_WORK REQUEST_
Once you find the line containing "SCORPIO AMMO 9MM" in the data below, copy it and each following line exactly, up to and including the line containing "A paper boat", and nothing else.

_SUPPLIED MATERIAL_
******************************

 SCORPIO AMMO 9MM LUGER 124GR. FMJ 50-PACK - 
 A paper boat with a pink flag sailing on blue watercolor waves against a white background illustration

******************************

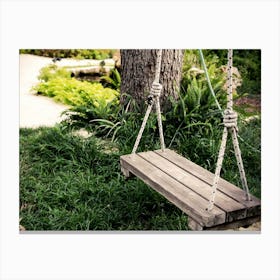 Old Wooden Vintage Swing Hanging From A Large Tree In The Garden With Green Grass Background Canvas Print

******************************

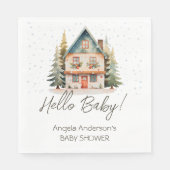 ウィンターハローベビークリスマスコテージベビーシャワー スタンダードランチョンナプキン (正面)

******************************

_WRITTEN ANSWER_
 SCORPIO AMMO 9MM LUGER 124GR. FMJ 50-PACK - 
 A paper boat with a pink flag sailing on blue watercolor waves against a white background illustration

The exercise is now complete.